Nous sommes encore dans une époque que dénonçait Roubaud en 1978 : la plupart des gens qui lisent de la poésie sont indifférents à la question du vers. Ils commenteront de la même façon un poème des Fleurs du Mal et un poème en prose des Flaques de verre, ou plus significativement encore, indifférents à l'idée de mesure du vers ils analyseront le rythme d'un poème de Verlaine ou Hugo comme on étudie le rythme du dernier Prix Goncourt. Roubaud dénonce cette étrangeté au début de son livre La Vieillesse d'Alexandre et parle de "surdité métrique".
Puis, si je parle d'évoquer aussi les travaux de Meschonnic, c'est que nous retrouvons dans Roubaud ces débats alors très prégnants faisant contraster les notions de vers et de poésie.
Les gens admirent la poésie en vers de Victor Hugo, de Charles Baudelaire, d'Arthur Rimbaud et de bien d'autres, mais écrire en vers comme eux l'ont fait est devenu un anachronisme, tandis que commenter une césure, une tournure des hémistiches, indispose (et non pas "insupporte") l'écrasante majorité du public, et du public universitaire ou littéraire même.

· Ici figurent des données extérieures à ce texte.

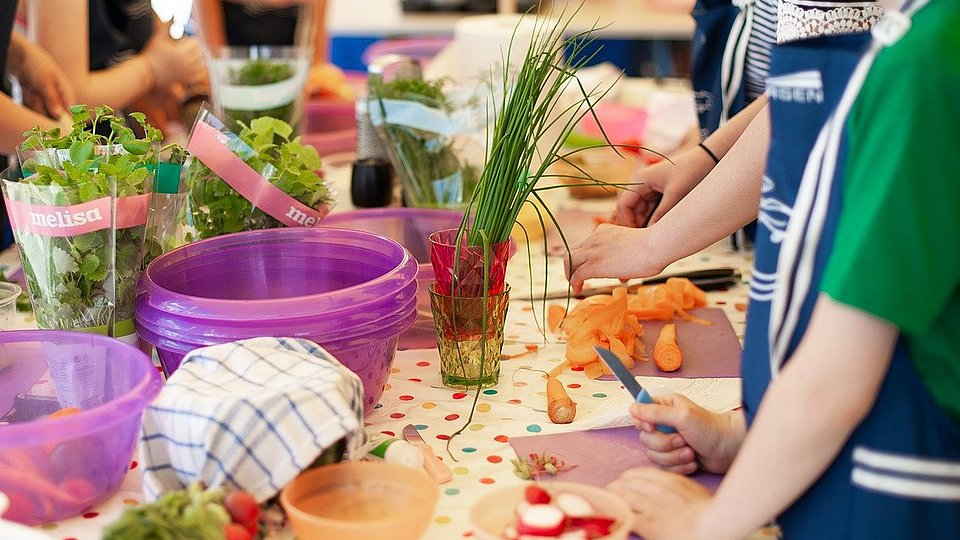 Schulkinder stehen an einem Tisch und schneiden Gemüse.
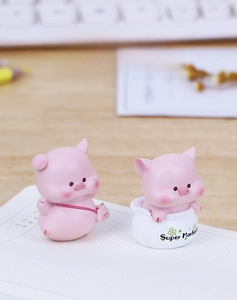 Detailed view of two cute pink resin pig figurines on a wooden desk for car interior decor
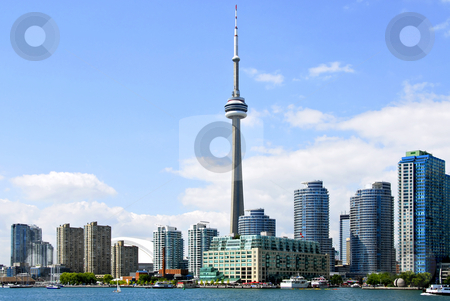 To use this stock image in your creative project, please select the size you need over to the right and click the "Add to Cart" button.
Your downloaded image will come with the Cutcaster watermark removed so don’t worry about the watermark you see on this page. Toronto skyline stock photo, Toronto harbor skyline with CN Tower and skyscrapers by Elena Elisseeva
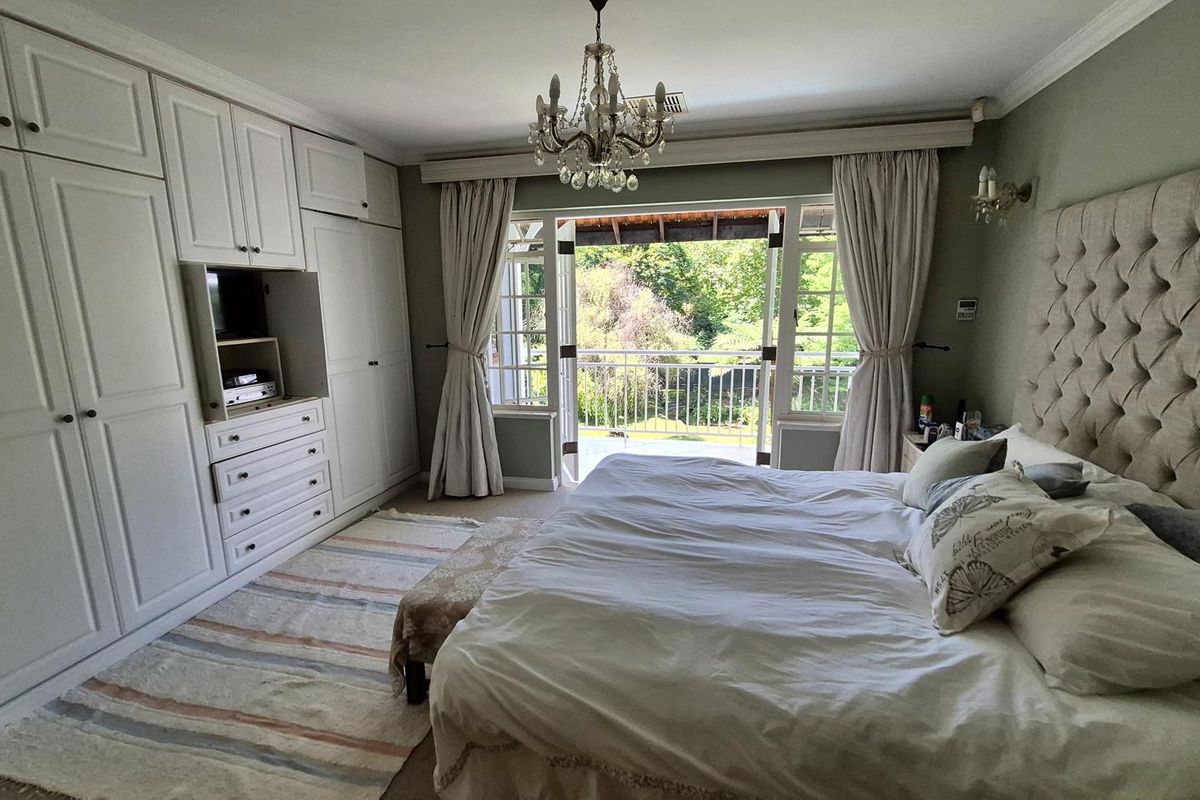 Spacious bedroom featuring extensive built-in cabinetry, elegant crown molding, and direct access to a private balcony through classic french doors.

Or, le nœud que je veux affronter est le suivant : Rimbaud pratiquait la césure forcée dans les poèmes de 1872 qu'on a dits sans césures pendant tant de décennies. Même à l'école de Cornulier, il n'a jamais été dit que "Tête de faune" avait une seule césure et que les poèmes "Mémoire", "Qu'est-ce...", "Jeune ménage", "Juillet", "Conclusion" (de "Comédie de la soif"), "Tête de faune" avaient chacun une césure fixe. Toutefois, on le voit, dans le Dictionnaire Rimbaud de 2021, Cornulier commence à envisager cette thèse qui est en fait la mienne et depuis quelque temps. Or, je prétends également que certains indices invitent à penser que "Larme", "La Rivière de Cassis", "Michel et Christine" et "Est-elle almée ?..." offrent des vers de onze syllabes qui ont eux aussi une césure fixe, et elle serait après la quatrième syllabe.
Mais mon raisonnement n'est pas limpide à tout un chacun, et il va falloir que je trouve des moyens efficaces de les y amener, tout en sachant qu'ils ne m'écoutent pas plus de deux phrases.
J'ai de sacrées mises au point à faire. Mais il faut bien comprendre que si la métrique n'a aucune importance dans "Larme" pourquoi alors ne pas écrire directement un poème en prose ? Quelle sera la différence de nature entre la versification de "Larme" et un poème en prose, s'il n'y a rien d'autre à dire sur la versification que ses règles ne sont pas respectées. Ne pas respecter les règles de versification n'est pas une prouesse en soi.
Il y a d'autres zones du débat qui m'intéressent comme la question des quantités syllabiques dans les poèmes en prose de Rimbaud ou dans "Mouvement". Meschonnic, avec à sa suite Dessons, a donné un modèle d'analyse rythmique, exploité notamment par Claisse, mais ce modèle fait fi de l'histoire du vers et ne s'interroge pas sur l'hypothèse d'un Rimbaud qui donnerait à sa prose quelque chose de sa réflexion sur les quantités syllabiques dans le vers. Puis, le modèle fonctionne-t-il vraiment, n'aboutit-il pas parfois à des vérités de La Palice ? Le modèle meschonnicien est-il stable ou est-il destiné à se diluer dans la diversité des approches qui y recourront ? Je n'irai sans doute pas moi-même très loin dans la réflexion sur le modèle meschonnicien, je n'en fais plus un projet important dans ma vie, j'ai dû faire des choix, mais je sais que je suis à la croisée de réflexions essentielles sur l'étude de ce qui fait la spécificité du souffle poétique. Je vais en profiter un peu cet été, malgré les maux de tête qui ne me quittent pas.